The House already plans this week to vote on a bill (H.R. 4996) to address shipping container problems and to help FMC enforcement. Thune said he and Sen. Amy Klobuchar (D-Minn.) will introduce a companion bill.
The bipartisan House bill altering ocean shipping regulations would be the first major update since 1998. It would prohibit ocean carriers from unreasonably turning down opportunities for U.S. exports, as decided by the FMC in a new rulemaking. Some shipping carriers have found it more lucrative to send empty containers back to Asia rather than use them for U.S. exports.
The bill has raised industry concerns. The government and policy response has sent “mixed messages,” said John Butler, CEO of the World Shipping Council, which represents shipping companies such as Hapag-Lloyd AG and A.P. Moller-Maersk A/S.
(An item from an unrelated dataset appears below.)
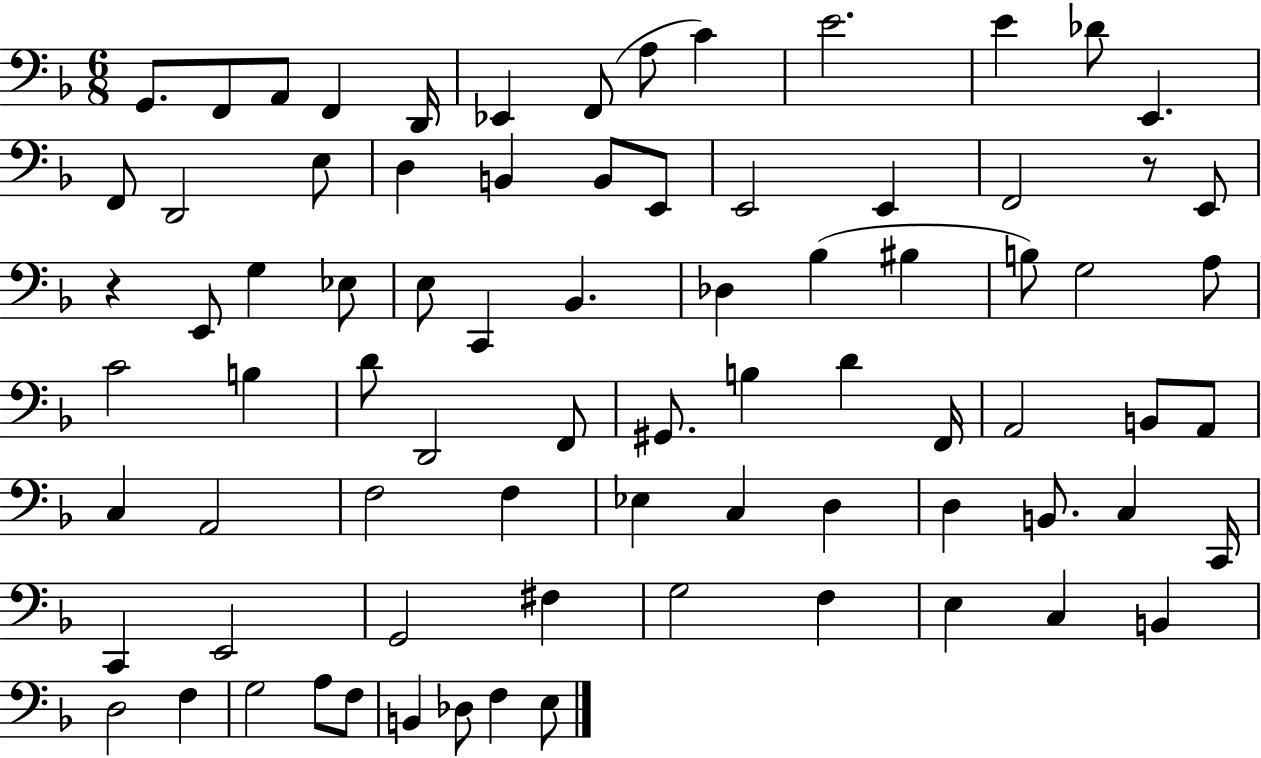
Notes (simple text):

The administration is telling industry that they need to put empty containers on outbound ships in order to clear the ports, but the legislation would say they need to load all export boxes before they can load empties, Butler said. His group has warned that the bill would increase congestion and raise prices for businesses and consumers.
The House is scheduled to consider the legislation, which hasn’t been marked up in committee, under suspension of the rules — an expedited procedure usually reserved for noncontroversial bills — this week. A spokesperson for the World Shipping Council said that since the bill would make major changes to international ocean shipping practices, it should be the subject of further consideration before going to the floor.
“There is no legislative silver bullet on this, but it is possible to make the situation worse,” Butler said.